Phoned türkçesi Phoned nedir

  • Telefon etmek.

Phoned ile ilgili cümleler

English: A girl phoned me.
Turkish: Bir kız beni aradı.

English: Ali phoned Mary.
Turkish: Ali Mary'ye telefon etti.

English: Ali phoned me yesterday from Boston.
Turkish: Ali dün beni Boston'dan aradı.

English: Ali phoned just before he left.
Turkish: Ali tam gitmeden önce telefon etti.

English: A stranger phoned me yesterday.
Turkish: Dün bir yabancı bana telefon etti.

Phoned ingilizcede ne demek, Phoned nerede nasıl kullanılır?

Phonedoscope : Özellikle çok dar yerlerdeki sesleri ayırmaya yarayan, sesleri kuvvetlendiren bir cins steteskop. Fonendeskop.

Siphoned : Sifonla çekmek. Çekmek.

Syphoned : Sifon. Sifonla çekmek. Çekmek. Sıvı akış borusu.

Telephoned : Telefonda söylemek. Telefon etmek.

Phone box : Telefon kulübesi. Telefon kabini. Alısün kulübesi.

Accepted a phone call : Telefon çağrısına cevap vermiştir. Çağrı kabul etmiştir. Bir çağrıyı kabul etmek.

Invalid phone number : Geçersiz telefon numarası.

Phone support : Telefon desteği.

Local phone numbers : Yerel telefon numaraları.

Phone dialer : Numara çeviricisi.

İngilizce Phoned Türkçe anlamı, Phoned eş anlamlısı

Sözcükler, direkt olarak Phoned ile ilgili eş anlamlı kelimeler olmayabilir. Kelime anlamı benzer olan sözcükler olabilirler.

 

Called up : Hayalinde canlandırmak. Getirtmek. Hatırlamak. Askere çağırmak. Silah altına almak. Gelmesini sağlamak.

Buzz : Sinyal ile çağırmak. Seslendirmede filmdeki taneciklerden ileri gelen gürültü. sinema/tv. okumada, yükselteçten ileri gelen gürültü. elektrik devresindeki yinelenimin seslendirme araçlarındaki gürültüsü. tv. televizyonda, elektriksel imin görüntüde çizgi olarak beliren etkisi. Uğuldamak. Gitar, sinema, televizyon alanlarında kullanılır. Konuşmak. Telefon ederek çağırmak. Çınlamak. Vızıltı. Vızıldamak.

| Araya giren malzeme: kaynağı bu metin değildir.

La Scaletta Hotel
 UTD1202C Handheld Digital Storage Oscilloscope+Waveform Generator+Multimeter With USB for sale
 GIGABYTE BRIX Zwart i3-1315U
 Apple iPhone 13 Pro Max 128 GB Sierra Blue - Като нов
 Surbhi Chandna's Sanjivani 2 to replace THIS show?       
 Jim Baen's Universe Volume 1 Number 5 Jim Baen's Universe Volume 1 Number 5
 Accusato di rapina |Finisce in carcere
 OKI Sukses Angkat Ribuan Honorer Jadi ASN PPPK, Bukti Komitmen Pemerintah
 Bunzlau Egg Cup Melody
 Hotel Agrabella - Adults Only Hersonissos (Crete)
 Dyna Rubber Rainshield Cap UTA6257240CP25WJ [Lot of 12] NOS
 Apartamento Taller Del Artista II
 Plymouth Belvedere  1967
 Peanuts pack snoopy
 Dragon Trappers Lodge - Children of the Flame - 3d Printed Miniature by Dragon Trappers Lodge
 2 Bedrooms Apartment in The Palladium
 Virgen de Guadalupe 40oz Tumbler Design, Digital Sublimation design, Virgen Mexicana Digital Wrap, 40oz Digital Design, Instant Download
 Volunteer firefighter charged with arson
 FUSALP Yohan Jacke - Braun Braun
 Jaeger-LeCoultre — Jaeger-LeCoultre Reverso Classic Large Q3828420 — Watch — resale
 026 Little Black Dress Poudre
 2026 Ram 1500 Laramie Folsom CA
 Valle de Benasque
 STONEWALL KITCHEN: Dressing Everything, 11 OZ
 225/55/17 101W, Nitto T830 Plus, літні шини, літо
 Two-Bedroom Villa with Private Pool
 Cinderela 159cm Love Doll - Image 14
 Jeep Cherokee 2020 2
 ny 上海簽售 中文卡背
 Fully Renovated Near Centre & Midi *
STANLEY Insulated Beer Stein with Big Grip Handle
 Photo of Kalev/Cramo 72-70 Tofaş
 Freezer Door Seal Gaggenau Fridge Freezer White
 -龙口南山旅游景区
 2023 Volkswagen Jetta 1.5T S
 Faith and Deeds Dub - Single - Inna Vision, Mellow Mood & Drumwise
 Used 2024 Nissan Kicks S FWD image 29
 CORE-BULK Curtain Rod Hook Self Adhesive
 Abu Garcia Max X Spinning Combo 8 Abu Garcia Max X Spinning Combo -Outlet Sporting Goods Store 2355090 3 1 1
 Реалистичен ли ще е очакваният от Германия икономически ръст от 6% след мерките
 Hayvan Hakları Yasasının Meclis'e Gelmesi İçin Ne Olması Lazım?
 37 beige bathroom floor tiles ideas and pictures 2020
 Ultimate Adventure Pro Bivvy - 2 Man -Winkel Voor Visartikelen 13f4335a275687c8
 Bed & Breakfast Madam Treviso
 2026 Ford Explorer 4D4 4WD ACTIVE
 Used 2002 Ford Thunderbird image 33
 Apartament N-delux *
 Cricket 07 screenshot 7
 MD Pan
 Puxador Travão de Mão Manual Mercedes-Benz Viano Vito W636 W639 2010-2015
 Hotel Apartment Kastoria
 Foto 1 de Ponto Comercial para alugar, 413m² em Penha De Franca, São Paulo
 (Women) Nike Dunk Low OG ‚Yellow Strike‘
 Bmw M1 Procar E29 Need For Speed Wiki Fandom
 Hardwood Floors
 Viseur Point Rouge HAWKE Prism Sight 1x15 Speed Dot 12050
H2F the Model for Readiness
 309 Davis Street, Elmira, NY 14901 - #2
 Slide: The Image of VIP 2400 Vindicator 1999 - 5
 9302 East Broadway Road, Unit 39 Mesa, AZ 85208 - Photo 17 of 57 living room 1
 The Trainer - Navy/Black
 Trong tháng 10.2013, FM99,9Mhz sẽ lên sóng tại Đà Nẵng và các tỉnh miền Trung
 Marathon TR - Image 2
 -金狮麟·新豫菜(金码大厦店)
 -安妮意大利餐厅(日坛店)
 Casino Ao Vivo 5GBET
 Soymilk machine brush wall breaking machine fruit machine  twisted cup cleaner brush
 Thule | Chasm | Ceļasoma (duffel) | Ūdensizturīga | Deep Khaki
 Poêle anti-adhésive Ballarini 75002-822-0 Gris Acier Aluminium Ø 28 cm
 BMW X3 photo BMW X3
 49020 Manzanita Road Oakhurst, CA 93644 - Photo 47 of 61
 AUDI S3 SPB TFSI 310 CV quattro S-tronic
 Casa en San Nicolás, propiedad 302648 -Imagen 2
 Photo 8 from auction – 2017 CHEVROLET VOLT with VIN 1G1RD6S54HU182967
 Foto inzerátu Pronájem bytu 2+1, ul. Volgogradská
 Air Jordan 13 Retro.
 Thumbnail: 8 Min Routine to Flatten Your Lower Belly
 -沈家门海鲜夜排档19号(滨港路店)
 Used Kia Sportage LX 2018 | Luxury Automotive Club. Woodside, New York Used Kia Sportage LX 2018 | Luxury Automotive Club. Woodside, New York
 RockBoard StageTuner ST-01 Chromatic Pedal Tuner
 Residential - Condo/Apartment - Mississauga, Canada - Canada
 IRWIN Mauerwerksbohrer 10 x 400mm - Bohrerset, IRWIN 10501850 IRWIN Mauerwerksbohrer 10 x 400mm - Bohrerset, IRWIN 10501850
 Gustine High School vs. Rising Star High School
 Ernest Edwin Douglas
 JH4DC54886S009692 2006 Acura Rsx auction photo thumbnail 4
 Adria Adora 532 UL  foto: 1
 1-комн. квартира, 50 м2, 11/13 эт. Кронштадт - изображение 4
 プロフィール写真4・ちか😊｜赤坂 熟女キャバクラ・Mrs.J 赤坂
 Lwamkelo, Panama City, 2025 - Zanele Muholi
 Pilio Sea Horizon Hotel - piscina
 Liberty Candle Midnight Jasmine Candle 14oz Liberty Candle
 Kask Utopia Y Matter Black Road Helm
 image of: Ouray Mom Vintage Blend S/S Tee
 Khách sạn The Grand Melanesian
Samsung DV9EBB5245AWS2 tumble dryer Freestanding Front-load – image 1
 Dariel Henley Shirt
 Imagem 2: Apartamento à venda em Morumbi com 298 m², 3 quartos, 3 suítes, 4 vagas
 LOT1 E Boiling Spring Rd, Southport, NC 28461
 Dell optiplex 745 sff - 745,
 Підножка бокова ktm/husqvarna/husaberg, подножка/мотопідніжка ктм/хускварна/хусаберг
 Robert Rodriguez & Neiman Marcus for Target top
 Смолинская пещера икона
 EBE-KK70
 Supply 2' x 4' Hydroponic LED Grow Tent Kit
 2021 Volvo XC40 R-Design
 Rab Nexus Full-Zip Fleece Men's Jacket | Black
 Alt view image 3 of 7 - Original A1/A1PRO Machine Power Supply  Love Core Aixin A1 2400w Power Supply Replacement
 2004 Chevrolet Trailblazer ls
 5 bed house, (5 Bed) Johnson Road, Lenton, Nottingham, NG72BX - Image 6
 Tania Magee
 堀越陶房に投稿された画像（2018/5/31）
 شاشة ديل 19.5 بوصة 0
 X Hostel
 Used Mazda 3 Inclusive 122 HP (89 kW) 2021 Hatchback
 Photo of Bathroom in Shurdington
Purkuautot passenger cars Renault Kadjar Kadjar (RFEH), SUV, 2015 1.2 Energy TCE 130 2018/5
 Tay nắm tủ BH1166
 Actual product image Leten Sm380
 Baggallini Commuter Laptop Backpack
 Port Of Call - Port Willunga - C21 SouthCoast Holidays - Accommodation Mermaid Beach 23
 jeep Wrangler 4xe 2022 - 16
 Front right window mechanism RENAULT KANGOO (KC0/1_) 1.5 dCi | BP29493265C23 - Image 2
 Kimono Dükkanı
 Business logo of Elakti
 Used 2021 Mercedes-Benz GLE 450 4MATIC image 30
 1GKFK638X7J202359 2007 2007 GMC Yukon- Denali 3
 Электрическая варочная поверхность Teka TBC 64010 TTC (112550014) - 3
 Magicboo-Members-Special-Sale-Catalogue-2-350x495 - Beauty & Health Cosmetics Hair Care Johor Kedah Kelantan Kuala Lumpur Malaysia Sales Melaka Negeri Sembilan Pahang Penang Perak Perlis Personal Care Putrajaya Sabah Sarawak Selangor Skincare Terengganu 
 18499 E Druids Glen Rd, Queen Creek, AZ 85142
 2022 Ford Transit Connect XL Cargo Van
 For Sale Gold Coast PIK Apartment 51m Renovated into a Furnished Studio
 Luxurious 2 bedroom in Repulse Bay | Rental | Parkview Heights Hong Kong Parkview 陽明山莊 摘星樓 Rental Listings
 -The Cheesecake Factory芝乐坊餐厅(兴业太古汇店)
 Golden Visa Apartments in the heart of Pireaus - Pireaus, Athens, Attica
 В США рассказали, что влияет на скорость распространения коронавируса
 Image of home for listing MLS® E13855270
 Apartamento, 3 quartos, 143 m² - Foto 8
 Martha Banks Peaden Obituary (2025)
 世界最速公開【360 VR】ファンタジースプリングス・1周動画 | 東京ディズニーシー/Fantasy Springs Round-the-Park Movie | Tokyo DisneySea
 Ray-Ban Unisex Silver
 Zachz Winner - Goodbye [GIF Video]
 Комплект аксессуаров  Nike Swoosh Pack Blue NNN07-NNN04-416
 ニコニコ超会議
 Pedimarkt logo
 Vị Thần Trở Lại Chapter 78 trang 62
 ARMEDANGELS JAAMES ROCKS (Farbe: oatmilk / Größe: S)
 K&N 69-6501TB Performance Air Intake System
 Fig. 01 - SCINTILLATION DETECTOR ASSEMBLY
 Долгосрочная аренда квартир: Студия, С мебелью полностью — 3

Telephone extension : Telefon uzatması.

Mouthpiece : Deri gibi kaf. Avukat. Sözcü. Ağızlık. Zıvana. Film kesme ünitesi ağızlığı. Nefesli çalgılarda ağza gelen yer. Hayvanın ısırmasına veya zararlı bir şey yemesine engel olmak için ağzına takılan tel. Sigara ağızlığı.

Buzzes : Uğuldamak. Vızıldamak. Fısıldamak. Sinyal ile çağırmak. Alçaktan uçmak (uçak). Vızıltı. Vızlamak. Telefon ederek çağırmak. Konuşmak.

Pay phone : Ankesörlü telefon. Jetonlu telefon.

Phone : Ses. Sesbirimcik. Çınka etmek. Basit ses. Alısün. Çınka. Telefonla aramak. Çınkalamak. Telefon. Alısünlemek.

Wireless telephone : Kablosuz telefon. Telsiz telefon. Telsiz sinyalleri alan telefon.

Phoned synonyms : desk phone, pay station, extension phone, french telephone, speakerphone, phone system, give a ring, give somebody a tinkle, radiotelephone, dials, phones, phoning, dial phone, cell phone, telephone system, call, radiophone, telephone, call in, extension, buzzed, dial telephone, dial, telecommunicate, receiver, telephone set, electronic equipment, ring, telephone receiver, call up, give a tinkle, handset, get in touch with.

Phoned zıt anlamlı kelimeler, Phoned kelime anlamı

Genuine : Samimi. Hilesiz. Hakiki. İçten. İçi dışı bir. Öz. Sahici. Asıl. Saf. Gerçek.

Unobstructed : Engellenmemiş. Tam. Kapatılmamış. Açık. Engelsiz. Tıkanmamış.